The exemplary cast also features Max Gordon Moore as Bluebeard, Walter Bobbie as the Bishop of Beauvais, John Glover as the Archbishop of Rheims, Matthew Saldivar as Bertrand de Poulengey, Robert Stanton as Baudricourt’s steward, Russell G. Jones as Monseigneur de la Trémouille, and Jack Davenport as the Earl of Warwick. Most of the actors play more than one role; Page is particularly impressive as Baudricourt and the Inquisitor. Daniel Sullivan’s (The Little Foxes, Proof) direction can get a little bumpy though there are several deft touches, and at nearly three hours, the show can be a little trying. Which brings us to the rather campy epilogue. Shaw wrote Saint Joan in 1923, three years after her canonization, something he deals with in the somewhat surreal, comic, and arguably out-of-place conclusion. “As to the epilogue, I could hardly be expected to stultify myself by implying that Joan’s history in the world ended unhappily with her execution, instead of beginning there,” Shaw wrote. “It was necessary by hook or crook to shew the canonized Joan as well as the incinerated one; for many a woman has got herself burnt by carelessly whisking a muslin skirt into the drawing-room fireplace, but getting canonized is a different matter, and a more important one. So I am afraid the epilogue must stand.” And so it does, for better or worse.

JUNK

(photo by T. Charles Erickson)

Ayad Akhtar and Doug Hughes shine a light on debt financing, leverage, disclosure violations, and the death of American manufacturing in Junk at Lincoln Center (photo by T. Charles Erickson)
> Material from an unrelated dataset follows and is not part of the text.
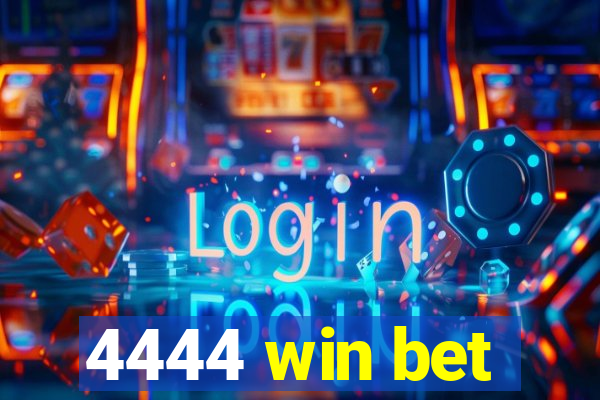 4444 win bet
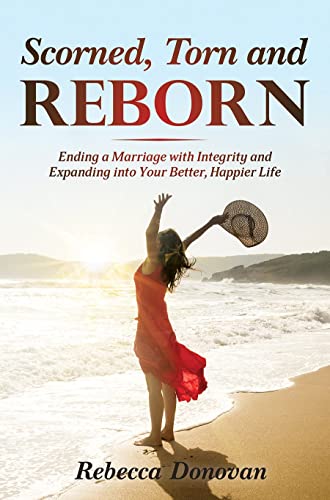 Stock image for Scorned, Torn and Reborn : Ending a Marriage with Integrity and Expanding into Your Better, Happier Life for sale by Better World Books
Vivian Beaumont Theater at Lincoln Center Theater
150 West 65th St. between Broadway & Amsterdam Ave.
Tuesday – Saturday through January 7, $87-$147
212-362-7600
www.lct.org

Just because I graduated from Wharton in the 1980s doesn’t mean I understand every intricacy in Ayad Akhtar’s complexly layered Junk, his sizzling-hot excoriation of greed and hostile takeovers, set in 1985. But Akhtar makes the key elements easy to follow, even for me, as a group of men fight it out for control of an Allegheny steel mill — but the last thing on their mind is actually steel, because in this world, it’s money that matters. Akhtar — who won the Pulitzer Prize for Disgraced, a sharp play about race, assimilation, ambition, and bigotry, and whose 2014 drama, The Invisible Hand, put capitalism and religion on trial in Pakistan — refers to Junk as “a ritual enactment of an origin myth,” in this case that of debt financing at the expense of American manufacturing. “When did money become the thing — the only thing?” journalist Judy Chen (Teresa Avia Lim) asks at the beginning. “It was like a new religion was being born.” It might not sound like a sexy topic, but it’s a scorcher in the hands of Tony-winning director Doug Hughes (The Father, Incognito), who orchestrates all the back-room dealings on John Lee Beatty’s dazzling multilevel set, strikingly lit by Ben Stanton. Sacker-Lowell junk bond trader Robert Merkin (Steven Pasquale) is the mastermind behind a hostile takeover of Everson Steel and United, a family-owned business on the Dow. Merkin, who believes that “debt is an asset,” and Sacker-Lowell lawyer Raül Rivera (Matthew Saldivar), who claims that “nothing makes money like money,” are working with corporate raider Israel Peterman (Matthew Rauch) to gain control of Everson Steel, owned by Thomas Everson Jr. (Rick Holmes), who desperately wants to hold on to the Allegheny-based firm founded by his father. Merkin turns to his wife, numbers whiz Amy (Miriam Silverman), for advice while luring in arbitrageur Boris Pronsky (Joey Slotnick) and investor Murray Lefkowitz (Ethan Phillips) to raise the necessary funds and manipulate the market. When old-time private equity magnate Leo Tresler (Michael Siberry) gets wind of Merkin’s plan, he decides to throw his hat in the ring as well. Meanwhile, US attorney Giuseppe Addesso (Charlie Semine) and assistant US attorney Kevin Walsh (Philip James Brannon) are operating behind the scenes, building a case against Merkin and others.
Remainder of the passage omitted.